Rumble: Recommended: The Secret Life of Bees

Set in the American South of 1964, the year of the Civil Rights Act and intensifying racial unrest, Sue Monk Kidd’s The Secret Life of Bees is a story of coming-of-age, the ability of love to transform our lives and the longing for the universal feminine divine. Kidd describes the power of women coming together creating a sanctuary of true family and home where the wounds of loss and betrayal can heal.

Men play a secondary role in the story, often representing violence, aggression, and repression. If not, they are a mere ‘addendum’ to the universal feminity which represents the wit, the good, the mysterious divine warmth and comfort which one also finds back in the life of a bee hive: The queen bee, and all worker bees are female ensuring the survival of the hive. The few male drones just sit around waiting to mate with the queen.

The story is told through the eyes and heart of Lily, radiating wit, simplicity, naivety, but also a longing for warmth and love at many different levels (“Eskimos have thirty-two names for love”, Lily says), we often find back in the heart and mind of a teenager.
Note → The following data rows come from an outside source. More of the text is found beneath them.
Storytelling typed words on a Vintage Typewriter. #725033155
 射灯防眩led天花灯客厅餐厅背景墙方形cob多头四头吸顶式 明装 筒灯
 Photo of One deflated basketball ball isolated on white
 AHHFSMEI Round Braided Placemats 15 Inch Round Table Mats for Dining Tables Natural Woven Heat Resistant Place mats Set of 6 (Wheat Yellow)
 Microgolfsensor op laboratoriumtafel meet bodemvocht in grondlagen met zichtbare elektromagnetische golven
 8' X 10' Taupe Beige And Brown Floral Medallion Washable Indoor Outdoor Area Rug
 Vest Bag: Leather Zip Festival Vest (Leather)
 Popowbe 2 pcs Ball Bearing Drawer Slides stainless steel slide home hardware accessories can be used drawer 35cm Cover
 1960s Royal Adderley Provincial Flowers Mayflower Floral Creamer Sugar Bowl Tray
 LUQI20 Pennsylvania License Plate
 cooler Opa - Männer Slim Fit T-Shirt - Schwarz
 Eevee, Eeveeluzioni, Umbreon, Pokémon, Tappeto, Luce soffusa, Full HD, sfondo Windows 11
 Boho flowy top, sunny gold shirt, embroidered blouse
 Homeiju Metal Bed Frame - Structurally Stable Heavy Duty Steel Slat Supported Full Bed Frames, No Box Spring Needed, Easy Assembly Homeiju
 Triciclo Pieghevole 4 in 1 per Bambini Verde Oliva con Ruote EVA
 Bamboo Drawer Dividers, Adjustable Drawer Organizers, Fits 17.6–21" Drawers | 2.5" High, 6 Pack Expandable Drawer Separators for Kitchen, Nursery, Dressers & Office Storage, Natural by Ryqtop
Isolated on a South Carolina peach farm with T.Ray, a neglectful and harsh farther, fourteen-year-old Lily Owens spent much of her life longing for her mother who died amid mysterious circumstances when Lily was four. Her father claims Lily accidentally killed her mum, instilling a deep and endless feeling of guilt.
Lily is raised by Rosaleen, her proud, witty and outspoken African-American nanny. When Rosaleen attempts to exercise her newly won right to vote, she is attacked by three racists and thrown in jail. Lily helps Rosaleen to escape, and together, they run away. One runs away from jail, the other from the constant fear of T.Ray’s repressive behaviour.

Lily and Rosaleen flee to Tiburon – South Carolina, a name written on the back of a cryptic picture featuring a black Virgin Mary, one of the few belongings Lily has of her mother. Three black beekeeping sisters take the odd pair into their home, into their circle of wise and colorful women, and into their hearts.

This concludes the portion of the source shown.